Wie lange dauerte das Gespräch mit Ihrer Mutter?
Pollack
Nicht lange. Ich hatte den Eindruck, sie wollte überhaupt nicht darüber reden, obwohl sie natürlich alles wusste. Meine Mutter war keine große Intellektuelle, sie war aber auch nicht dumm. Mit meinen Großeltern väterlicherseits, die auf ihren Sohn Gerhard stolz waren, kam ebenfalls kein Gespräch zustande.
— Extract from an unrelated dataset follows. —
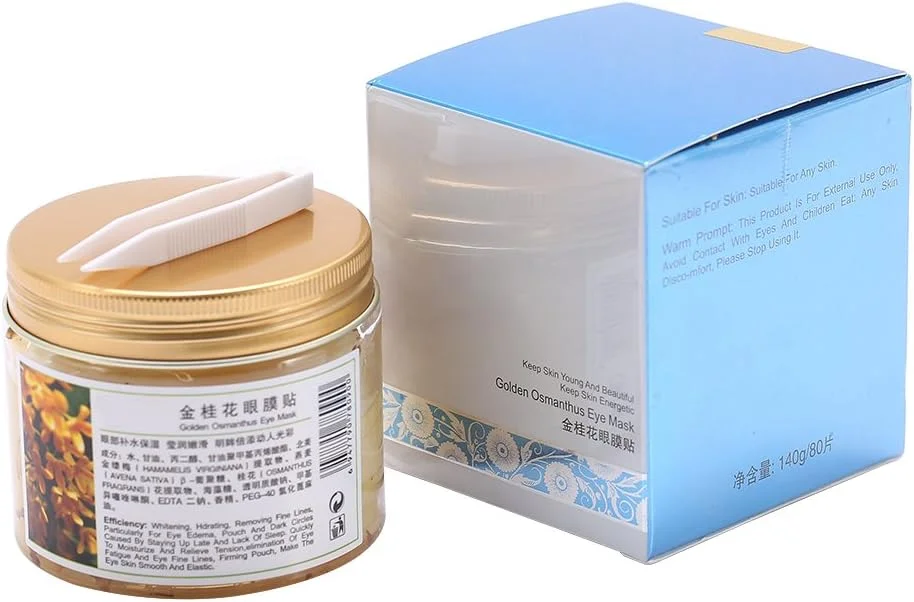 پد ماسک چشم، بسته 80 عددی ماسک چشم گل اسمانتوس طلایی مرطوب کننده، پد ضد پیری، ماسک کلاژن چشم برای رفع چین و چروک پلک و سیاهی دور چشم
Die verzweigte Familie erschwerte die Annäherung an die Vergangenheit zusätzlich.
Pollack
Vom Linzer Stiefvater Hans Pollack wurde ich zu den Großeltern Bast nach Amstetten geschickt. Dort stieg ich aus dem Zug als Gerhards Sohn-und wurde durch die Stadt von einem ehemaligen Nazi zum anderen geführt. "Jessas, der Martin schaut ihm so ähnlich!" Ich bekam zu hören, was man einem Kind eben sagt. Kein Mensch in Amstetten hielt es für angebracht, dem Buben zu erklären, weshalb er in Niederösterreich einen leiblichen Vater gehabt hatte, der drei Jahre nach meiner Geburt auf der Flucht auf dem Brennerpass durch drei Schüsse ermordet worden war.
Wie denken Sie an Ihre Großeltern zurück, die so stolz auf ihren Kriegsverbrechersohn waren?
Pollack
Ich blicke mit Liebe auf sie zurück. Mit 23 brach ich aber mit meiner Großmutter, der Chefideologin der Familie und mit ihr mit der gesamten Familie väterlicherseits.
Eine Frage, die Sie Ihr Leben lang beschäftigte, war, wie Ihr Vater zum Mörder werden konnte.
Pollack
Mein Vater war ein normaler Mensch, kein geborener Verbrecher, kein Monster. Wie wurde er also zu dem, der er am Ende war? Es ist eine nicht enden wollende Geschichte, wie ich aus leidvoller Erfahrung weiß. Einem kürzlich entdeckten Polizeiakt ist zu entnehmen, wie er im März 1947 tot in einem Bunker am Brenner gefunden wurde. Es ist alles andere als angenehm, mit diesen so nüchternen wie detaillierten Schilderungen Jahrzehnte später konfrontiert zu werden: Der Vater lag wochenlang tot im Bunker, hatte zwei Schussverletzungen im Gesicht, eine in der Brust. So genau wollte ich es dann auch wieder nicht wissen.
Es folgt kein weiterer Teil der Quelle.